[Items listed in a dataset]
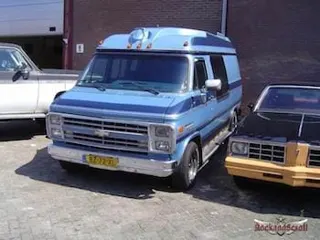 1988 Chevrolet Van G20 High Top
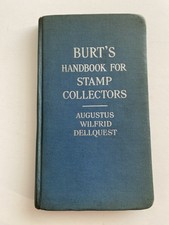 Burt&rsquo;s Handbook for Stamp Collectors Dellquest 1935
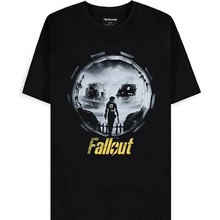 Difuzed Bioworld Europe tričko Fallout Vault 33 Into The Wasteland černá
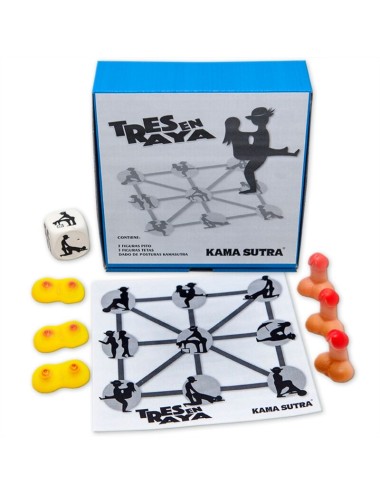 DIABLO PICANTE - KAMASUTRA TIC-TAC-TOE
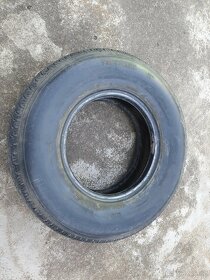Běloboké pneu Michelin 215/14 - 7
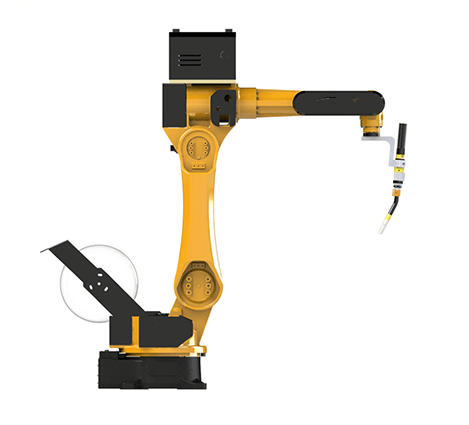Welding robot UCRT06C-200 arm length 2000mm(Construction machinery: welding excavator parts) 0 3 - Welding robot UCRT06C-200 arm length 2000mm (Construction machinery: welding excavator parts)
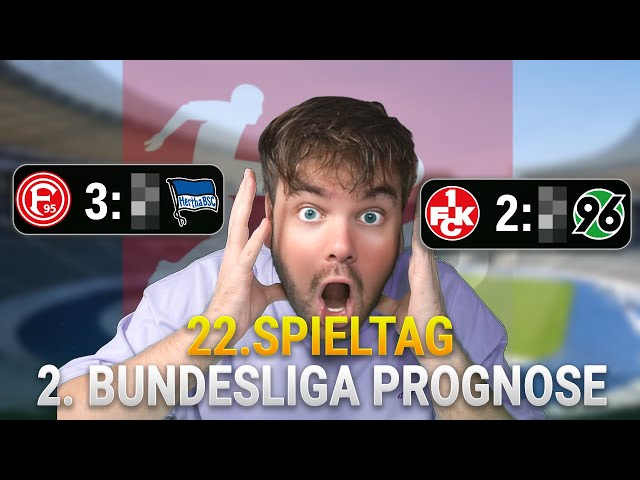 2.Bundesliga Prognose | 22. Spieltag Tipps & Prognose | 2024/25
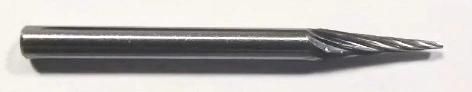 The Same Model SL Type Procut Tungsten Carbide Burrs with Taper Radius End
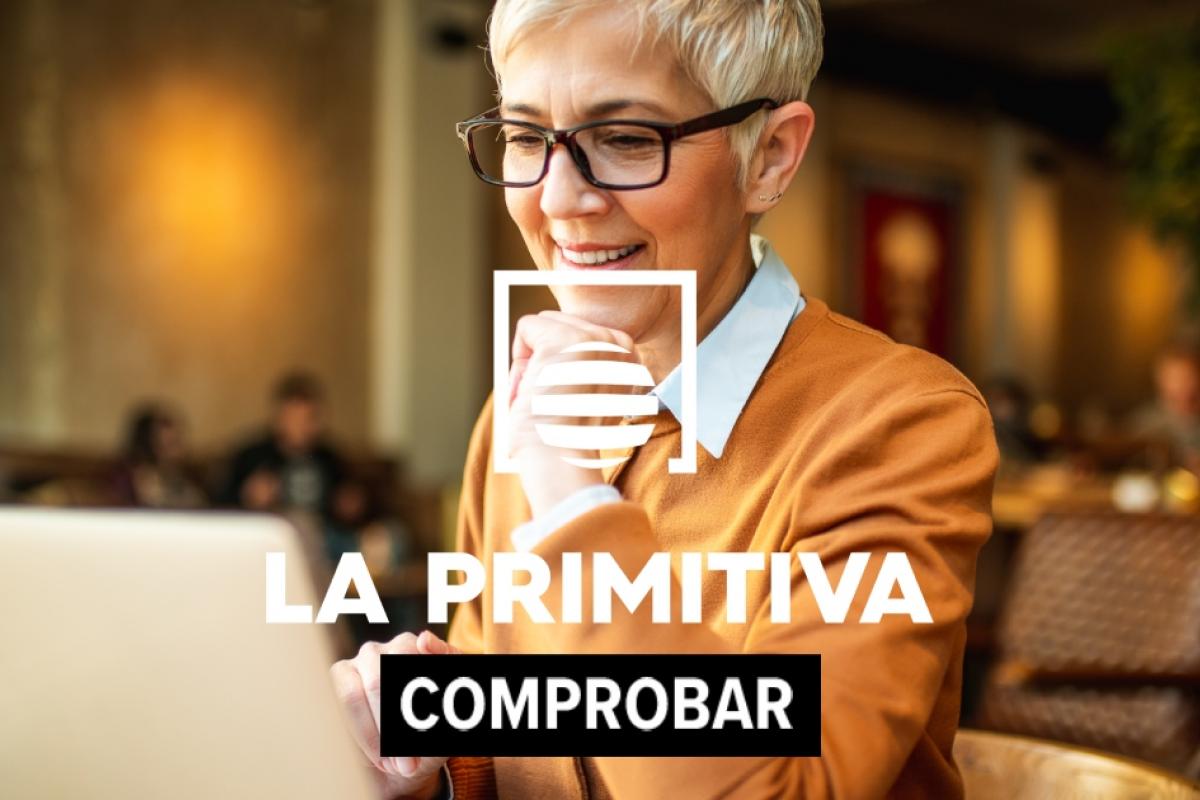 La Primitiva: comprobar número de hoy jueves 25 de septiembre.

■ **Action item**
Copy the records exactly; no image should appear in the result.

■ **Output of the exercise**
 1988 Chevrolet Van G20 High Top
 Burt&rsquo;s Handbook for Stamp Collectors Dellquest 1935
 Difuzed Bioworld Europe tričko Fallout Vault 33 Into The Wasteland černá
 DIABLO PICANTE - KAMASUTRA TIC-TAC-TOE
Běloboké pneu Michelin 215/14 - 7
Welding robot UCRT06C-200 arm length 2000mm(Construction machinery: welding excavator parts) 0 3 - Welding robot UCRT06C-200 arm length 2000mm (Construction machinery: welding excavator parts)
 2.Bundesliga Prognose | 22. Spieltag Tipps & Prognose | 2024/25
 The Same Model SL Type Procut Tungsten Carbide Burrs with Taper Radius End
 La Primitiva: comprobar número de hoy jueves 25 de septiembre.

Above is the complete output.